### Task requirements:
Find the lines holding the string "Vintage" in the data, then copy all of them.

━━ Supplied data ━━

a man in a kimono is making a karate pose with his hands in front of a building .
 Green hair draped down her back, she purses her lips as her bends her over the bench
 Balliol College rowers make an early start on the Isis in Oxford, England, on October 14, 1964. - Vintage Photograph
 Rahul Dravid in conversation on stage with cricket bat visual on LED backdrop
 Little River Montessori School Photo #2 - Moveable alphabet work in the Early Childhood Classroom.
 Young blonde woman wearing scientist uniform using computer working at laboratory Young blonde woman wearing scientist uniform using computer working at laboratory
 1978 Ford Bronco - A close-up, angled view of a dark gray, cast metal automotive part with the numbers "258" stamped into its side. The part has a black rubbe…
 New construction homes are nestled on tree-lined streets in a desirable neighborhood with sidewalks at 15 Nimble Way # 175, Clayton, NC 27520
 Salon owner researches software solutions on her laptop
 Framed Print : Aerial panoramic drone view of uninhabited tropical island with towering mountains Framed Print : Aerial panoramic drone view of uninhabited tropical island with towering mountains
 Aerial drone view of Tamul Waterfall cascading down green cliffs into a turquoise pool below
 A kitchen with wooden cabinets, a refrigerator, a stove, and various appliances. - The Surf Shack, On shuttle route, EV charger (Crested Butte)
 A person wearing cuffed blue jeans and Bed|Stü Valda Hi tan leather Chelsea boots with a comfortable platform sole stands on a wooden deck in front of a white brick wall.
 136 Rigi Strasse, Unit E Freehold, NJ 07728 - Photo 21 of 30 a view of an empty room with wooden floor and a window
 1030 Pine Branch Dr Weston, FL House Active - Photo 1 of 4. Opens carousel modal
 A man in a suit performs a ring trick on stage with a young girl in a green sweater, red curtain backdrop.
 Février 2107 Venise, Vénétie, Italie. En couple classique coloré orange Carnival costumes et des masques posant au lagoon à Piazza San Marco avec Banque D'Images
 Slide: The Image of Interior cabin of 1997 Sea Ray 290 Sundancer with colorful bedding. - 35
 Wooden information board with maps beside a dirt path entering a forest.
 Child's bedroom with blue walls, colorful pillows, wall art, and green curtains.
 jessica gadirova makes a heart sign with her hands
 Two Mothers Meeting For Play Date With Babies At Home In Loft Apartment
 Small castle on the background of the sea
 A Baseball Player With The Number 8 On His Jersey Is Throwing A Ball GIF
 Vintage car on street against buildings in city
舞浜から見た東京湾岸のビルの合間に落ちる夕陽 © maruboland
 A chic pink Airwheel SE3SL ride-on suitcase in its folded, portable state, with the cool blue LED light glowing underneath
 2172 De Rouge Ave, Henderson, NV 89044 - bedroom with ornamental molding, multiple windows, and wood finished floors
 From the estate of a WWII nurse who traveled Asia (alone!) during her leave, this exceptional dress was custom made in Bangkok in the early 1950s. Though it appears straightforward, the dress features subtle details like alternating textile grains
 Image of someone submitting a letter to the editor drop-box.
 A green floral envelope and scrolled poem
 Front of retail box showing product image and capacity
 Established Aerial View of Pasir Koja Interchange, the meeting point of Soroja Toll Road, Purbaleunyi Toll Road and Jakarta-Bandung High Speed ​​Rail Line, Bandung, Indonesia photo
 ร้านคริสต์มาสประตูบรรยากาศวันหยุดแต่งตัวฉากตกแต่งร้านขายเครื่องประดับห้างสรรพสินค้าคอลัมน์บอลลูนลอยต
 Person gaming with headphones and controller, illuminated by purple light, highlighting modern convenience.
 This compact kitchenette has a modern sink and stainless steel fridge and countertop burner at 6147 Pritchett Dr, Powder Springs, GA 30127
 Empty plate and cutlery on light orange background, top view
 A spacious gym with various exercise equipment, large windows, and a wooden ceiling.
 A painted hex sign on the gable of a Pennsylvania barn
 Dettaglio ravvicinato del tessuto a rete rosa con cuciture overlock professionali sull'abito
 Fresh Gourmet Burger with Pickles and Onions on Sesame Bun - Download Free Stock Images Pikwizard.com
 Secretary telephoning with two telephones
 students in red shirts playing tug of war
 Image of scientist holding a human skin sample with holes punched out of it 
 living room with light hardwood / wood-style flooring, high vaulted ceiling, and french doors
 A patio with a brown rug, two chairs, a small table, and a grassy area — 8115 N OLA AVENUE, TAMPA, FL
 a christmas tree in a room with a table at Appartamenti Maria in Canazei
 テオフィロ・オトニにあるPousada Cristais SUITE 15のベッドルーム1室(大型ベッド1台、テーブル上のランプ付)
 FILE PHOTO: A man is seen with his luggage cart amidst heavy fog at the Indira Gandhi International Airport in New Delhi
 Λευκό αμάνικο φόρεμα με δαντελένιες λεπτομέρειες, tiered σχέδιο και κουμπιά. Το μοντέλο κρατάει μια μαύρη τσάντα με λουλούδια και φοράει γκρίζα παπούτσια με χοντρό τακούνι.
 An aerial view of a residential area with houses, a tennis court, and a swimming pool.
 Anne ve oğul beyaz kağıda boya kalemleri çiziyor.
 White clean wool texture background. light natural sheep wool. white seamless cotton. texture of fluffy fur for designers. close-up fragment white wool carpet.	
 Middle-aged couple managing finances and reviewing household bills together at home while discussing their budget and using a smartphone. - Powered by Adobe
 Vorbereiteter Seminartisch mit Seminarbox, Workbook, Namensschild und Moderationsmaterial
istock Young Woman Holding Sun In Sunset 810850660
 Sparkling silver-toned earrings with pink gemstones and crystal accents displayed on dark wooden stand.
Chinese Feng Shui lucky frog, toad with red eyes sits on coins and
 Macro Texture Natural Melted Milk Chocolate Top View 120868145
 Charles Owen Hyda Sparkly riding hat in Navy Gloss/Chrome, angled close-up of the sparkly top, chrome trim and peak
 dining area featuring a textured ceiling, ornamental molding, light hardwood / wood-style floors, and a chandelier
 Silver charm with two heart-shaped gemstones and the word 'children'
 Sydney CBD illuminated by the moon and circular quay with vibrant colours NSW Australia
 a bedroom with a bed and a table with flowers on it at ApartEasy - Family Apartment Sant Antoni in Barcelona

━━━

### Task output:
 Balliol College rowers make an early start on the Isis in Oxford, England, on October 14, 1964. - Vintage Photograph
 Vintage car on street against buildings in city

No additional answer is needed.